» EXERCISE MATERIALS
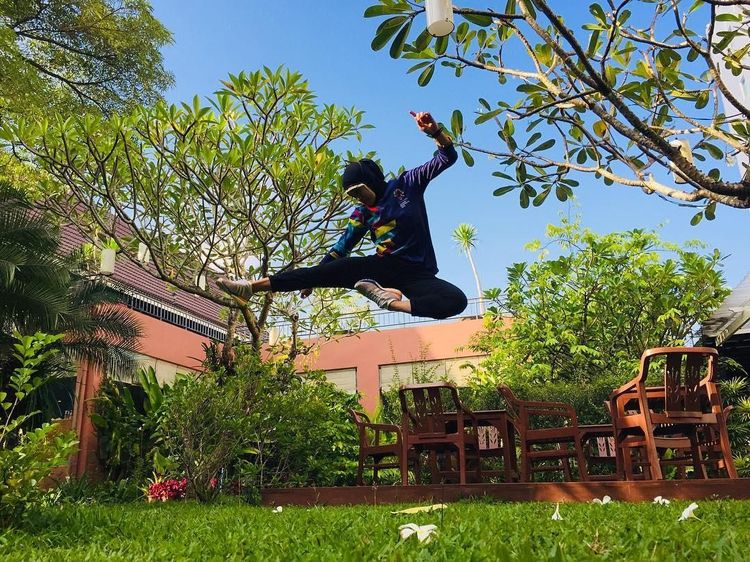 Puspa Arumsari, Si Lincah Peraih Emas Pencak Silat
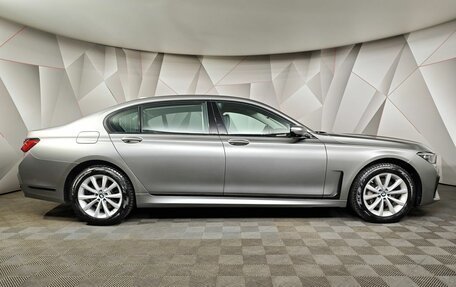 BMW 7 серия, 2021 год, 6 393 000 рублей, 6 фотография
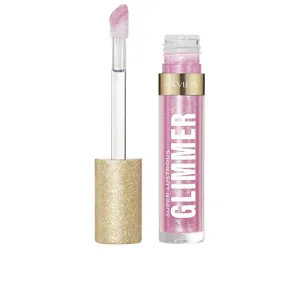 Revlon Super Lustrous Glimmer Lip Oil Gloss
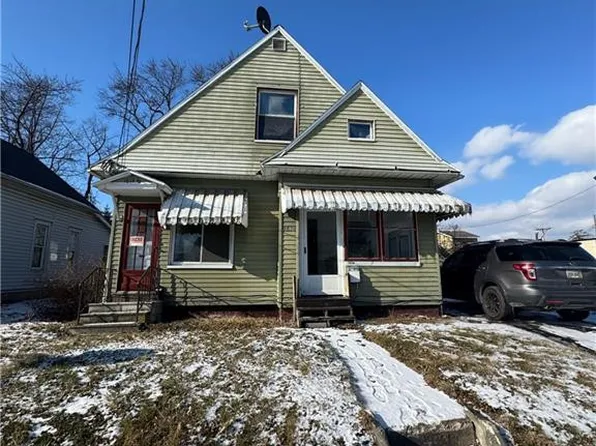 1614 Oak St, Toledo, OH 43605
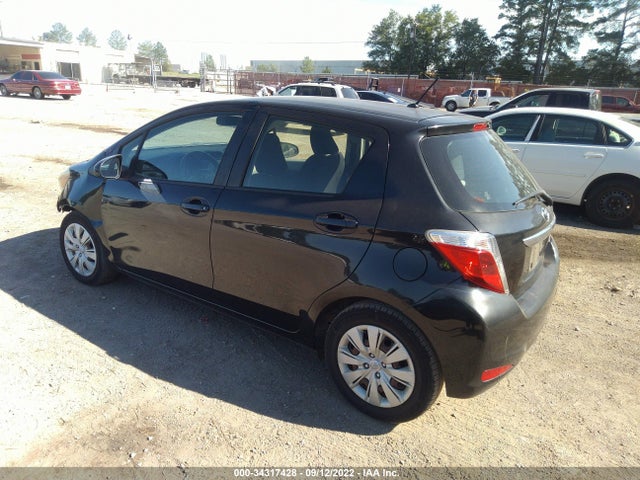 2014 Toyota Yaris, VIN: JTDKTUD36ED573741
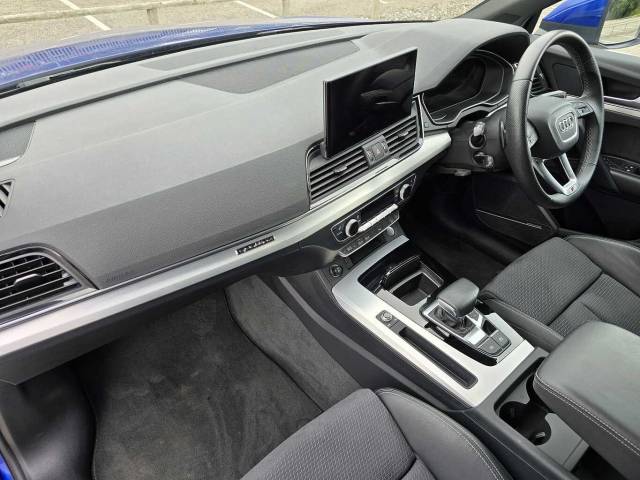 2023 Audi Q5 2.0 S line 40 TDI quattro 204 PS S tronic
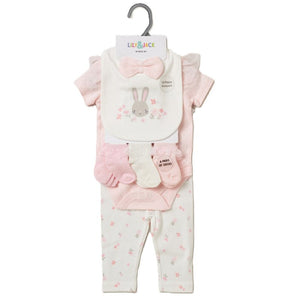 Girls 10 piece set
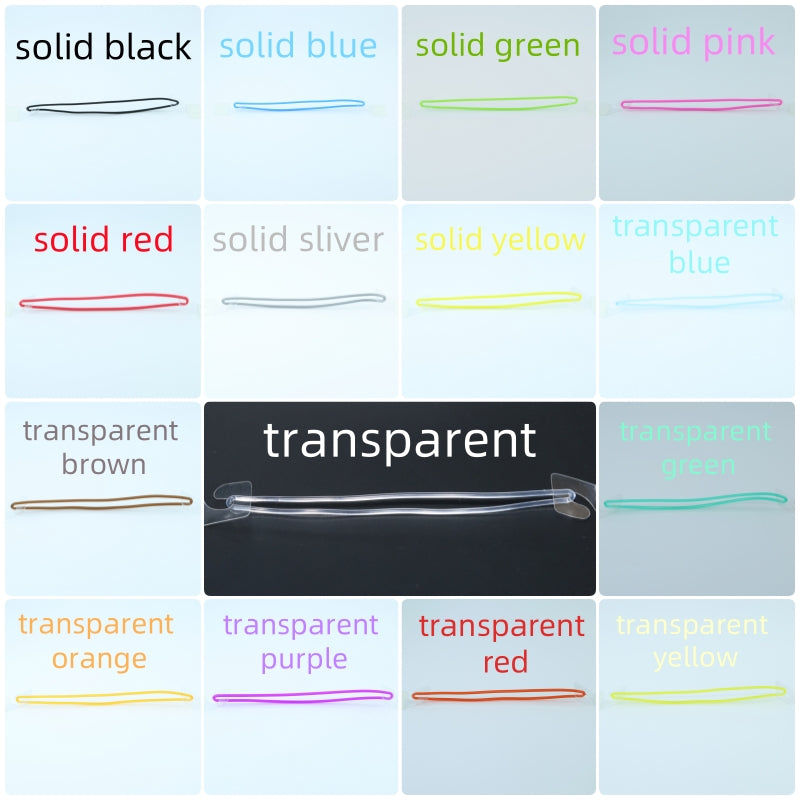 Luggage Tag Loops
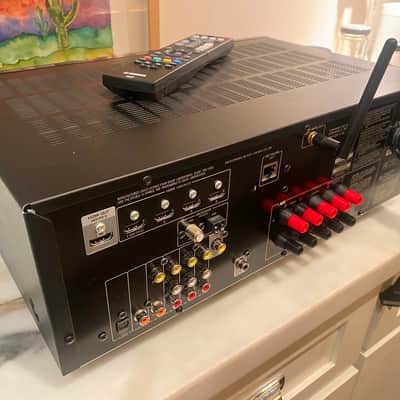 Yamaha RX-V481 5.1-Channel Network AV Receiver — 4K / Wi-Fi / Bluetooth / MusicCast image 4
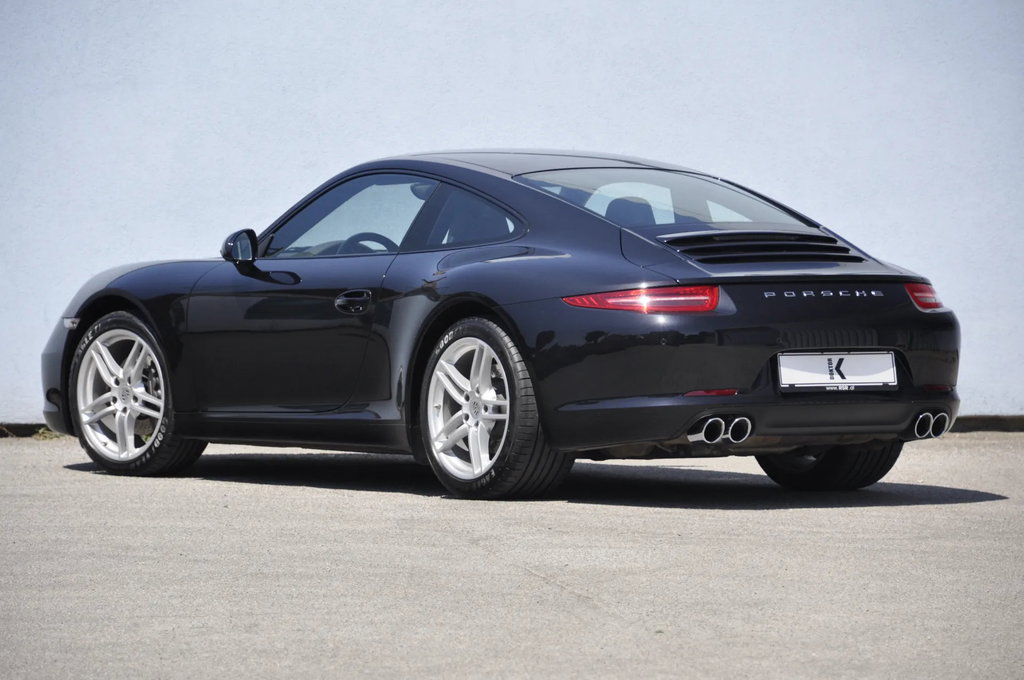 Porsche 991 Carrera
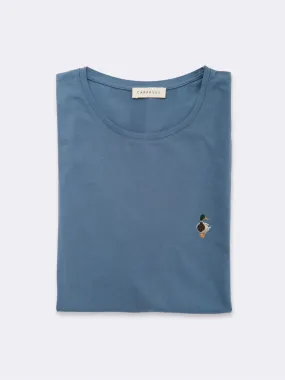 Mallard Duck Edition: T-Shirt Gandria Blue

» BRIEF
The lines from the one containing "Girls 10 piece set" through the last line above are to be repeated exactly, and only those. Any pictures must be left out.

» ANSWER SPACE
 Girls 10 piece set
 Luggage Tag Loops
 Yamaha RX-V481 5.1-Channel Network AV Receiver — 4K / Wi-Fi / Bluetooth / MusicCast image 4
 Porsche 991 Carrera
 Mallard Duck Edition: T-Shirt Gandria Blue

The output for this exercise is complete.